W szatni Biało-Czerwonych wystrzeliły szampany, Polacy cieszyli się już z awansu, chociaż... matematycznie jeszcze go nie mieli. By nasz sen o mundialu się nie ziścił tego wieczora, musiałby jednak nastąpić nieprawdopodobny splot wypadków. Węgrzy mogli pokrzyżować nam plany, pokonując Włochów dokładnie 9 punktami, przy zdobyciu co najmniej 117 pkt. To była czysta fikcja, stąd uzasadniona radość w polskim obozie jeszcze przed grą Madziarów.
Po raz ostatni polscy koszykarze, z legendami rodzimego basketu – Mieczysławem Łopatką, Bohdanem Likszo, Włodzimierzem Tramsem i Januszem Wichowskim, prowadzeni przez słynnego trenera Witolda Zagórskiego – wystąpili w MŚ w 1967 roku, zajmując 5. miejsce. Potem nigdy nie udało się awansować, aż do piątku.
Mecz z Chorwatami miał niesamowity przebieg. Zaczął się jak jakiś koszmar. Przegrywaliśmy 0:14 (!), a pierwsze punkty zdobyliśmy po 7 minutach. Gospodarze nacisnęli w obronie, nasi gubili się, bo chyba dotarła do nich waga spotkania.
Kiedy Biało-Czerowni się otrząsnęli, systematycznie zmniejszali straty. W końcu zaczęli trafiać. Przebojowy, walczący także na tablicach Mateusz Ponitka zdobył 20 pkt, 15 dodał naturalizowany Amerykanin A. J. Slaughter.

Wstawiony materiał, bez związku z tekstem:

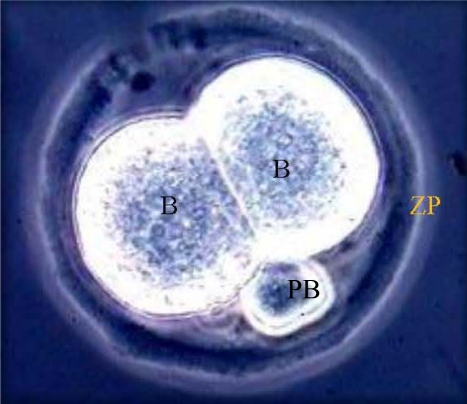 File:Normal Human 2-cell Embryo.jpeg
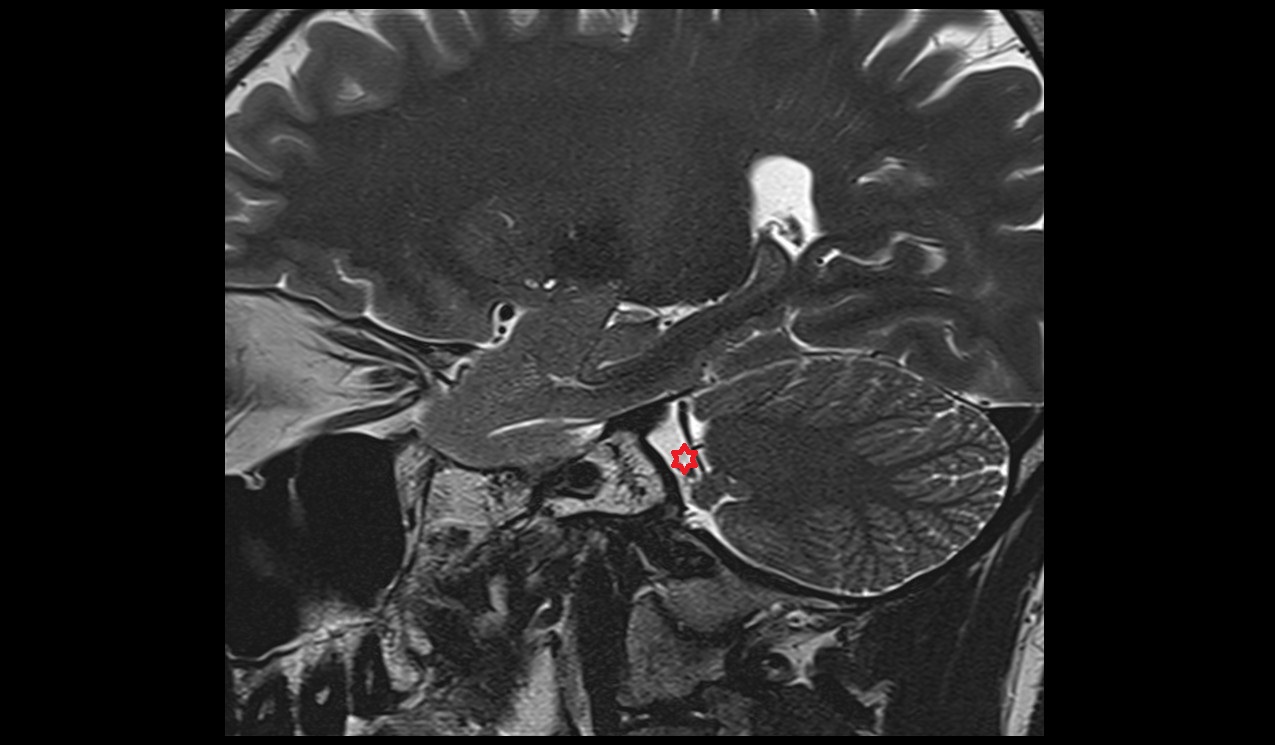 cerebellopontine angle MRI 3T sagittal  image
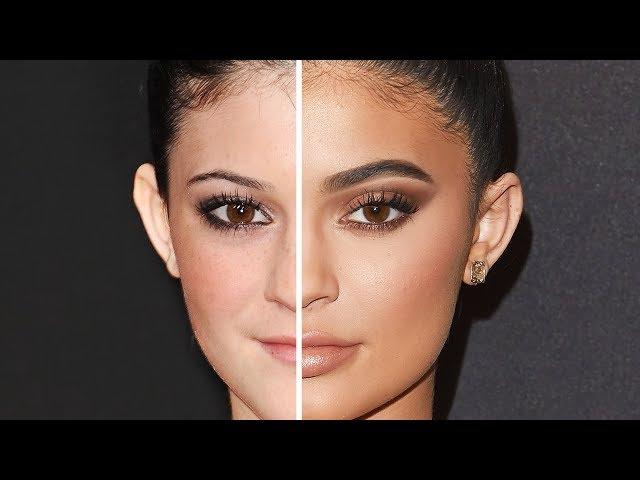 KYLIE JENNER: Before and After Plastic Surgery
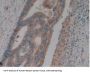 Neutrophil Gelatinase Associated Lipocalin / NGAL (LCN2) Antibody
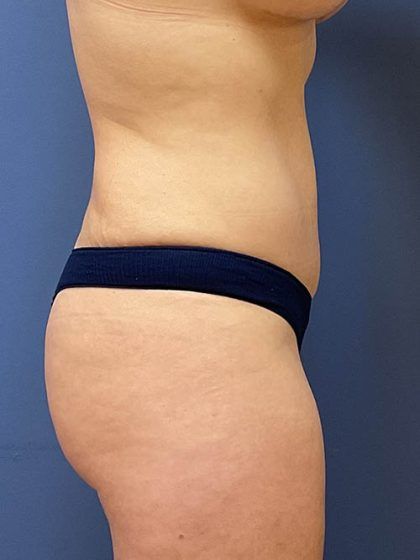 Tummy Tuck Before & After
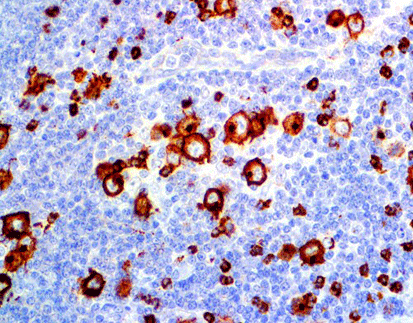 Celnovte CD15 NordiQC Assessment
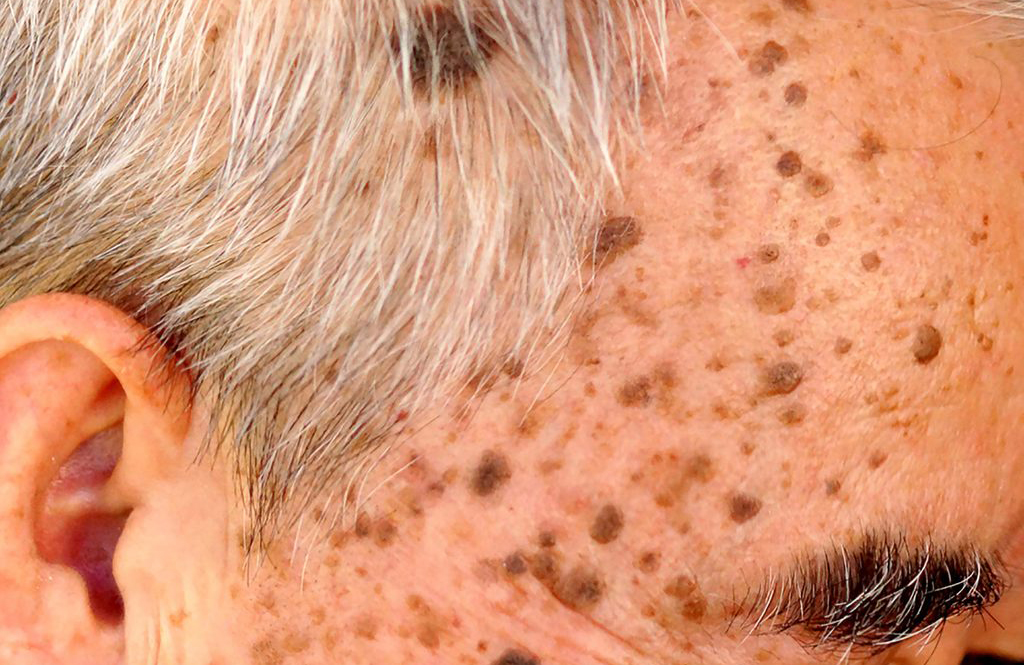 Is it seborrheic keratosis (SK)?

To przeciwnicy pod koniec gubili się coraz bardziej.
– Na początku było widać, o co gramy, każdy ważył jakby 20 kilo więcej – śmiał się na antenie TVP Sport najbardziej doświadczony koszykarz kadry Łukasz Koszarek (35 l.), który w kluczowych momentach trafił trzy rzuty za 3. – W szatni w połowie powiedzieliśmy sobie, że skoro jesteśmy tak blisko przeciwnika grając tak słabo, to nie można już tego wypuścić z rąk.

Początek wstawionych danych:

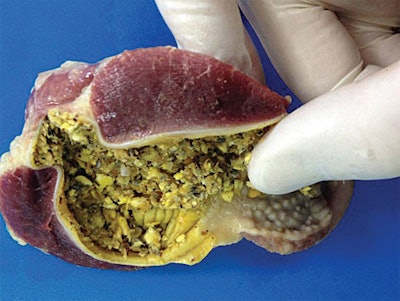 Properly sized mash feed helps to develop the muscular walls of the hen’s gizzard and supports better digestion. (Zoe Kay)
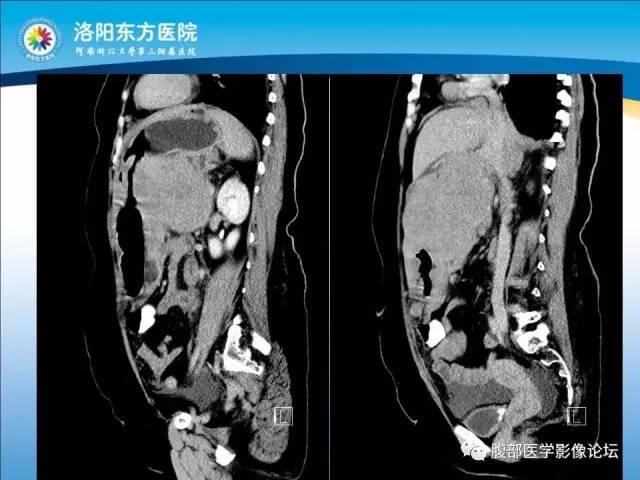 【病例】胃淋巴瘤1例CT 【病例】胃淋巴瘤1例CT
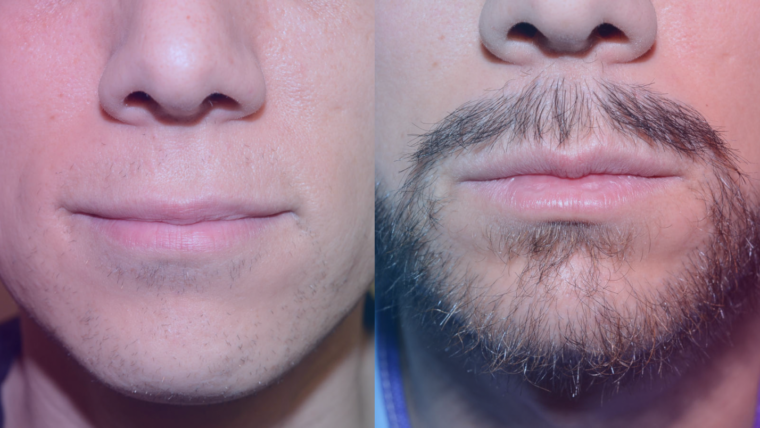 Beard Hair Transplant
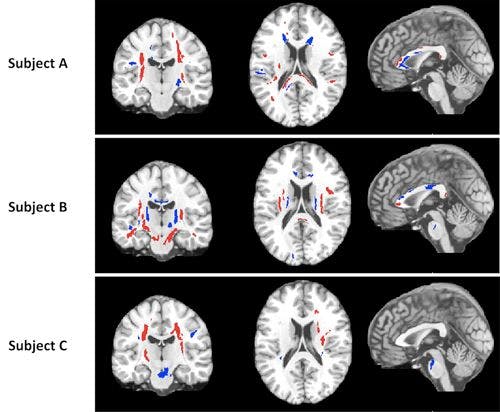 Brain MRI Shows Visual System Changes in Parkinson’s Disease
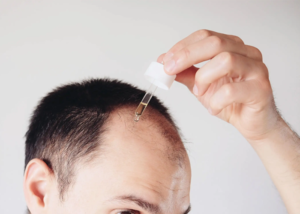 When Can I Use Minoxidil After A Hair Transplant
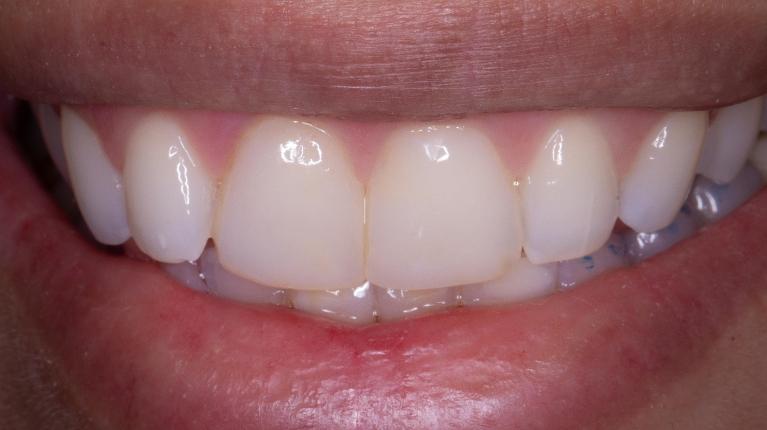 Before-and-After-Composite-Veneers-in-Lakeland-FL-After-Image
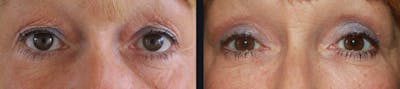 Blepharoplasty Before & After Gallery - Patient 177905828 - Image 1
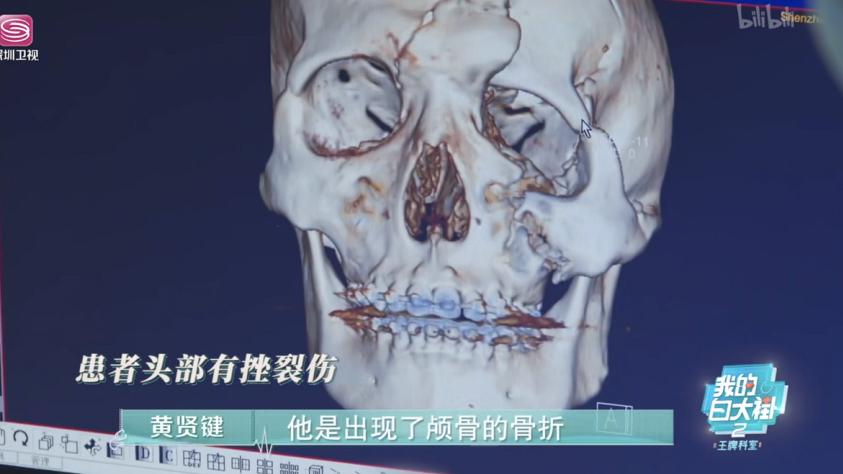 深圳一男子东西冲穿越，摔下悬崖致颅骨破裂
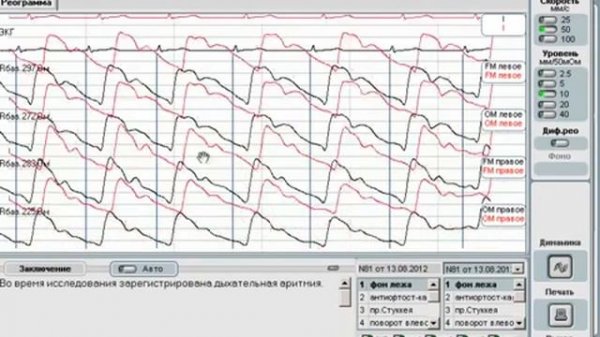 Анализ реографического исследования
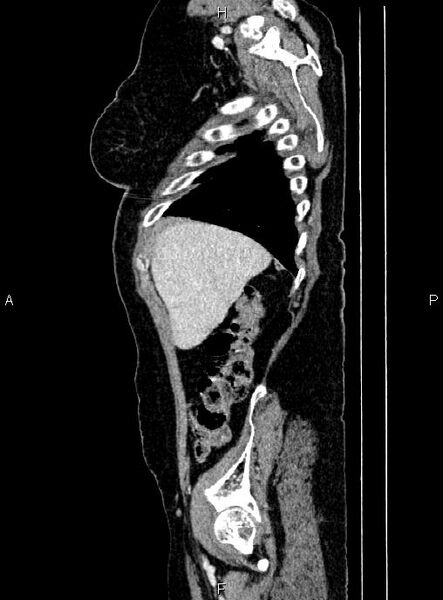 File:Abdominal aortic aneurysm (Radiopaedia 85063-100606 Sagittal C+ arterial phase 10).jpg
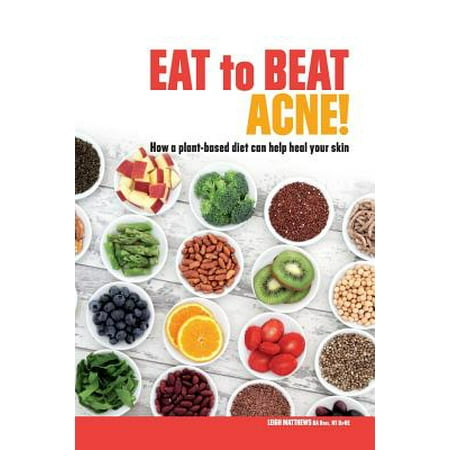 Eat to Beat Acne! : How a Plant-Based Diet Can Help Heal Your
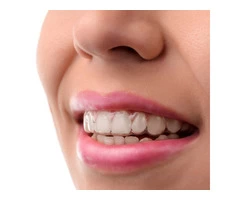 Invisalign Adelaide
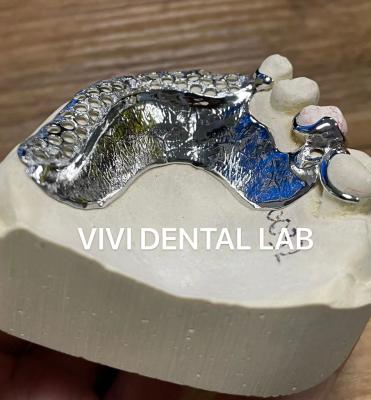 China Laser Printing Cobalt Chrome Partial Denture Framework Ni Be Free for sale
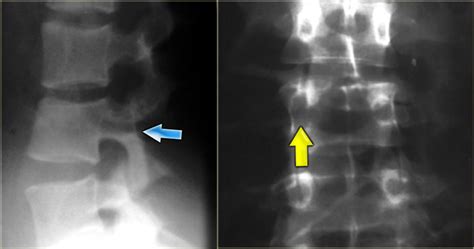 Chance Fracture - Medicalopedia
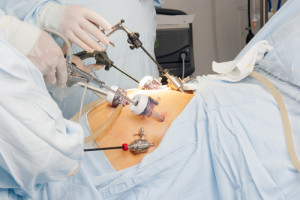gastric bypass procedure taking place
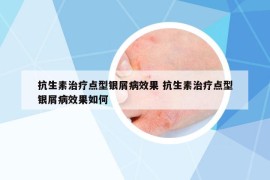抗生素治療點(diǎn)型銀屑病效果 抗生素治療點(diǎn)型銀屑病效果如何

Koszykarski mundial odbędzie się między 31 sierpnia a 15 września 2019 r. w ośmiu chińskich miastach, przy czym mecze o medale zostaną rozegrane w Pekinie. W turnieju wezmą udział 32 zespoły (podzielone na 8 grup), w tym 12 z Europy. Impreza jest jednocześnie pierwszym etapem kwalifikacji do igrzysk w Tokio. Losowanie grup wyznaczono na 16 marca w Shenzhen.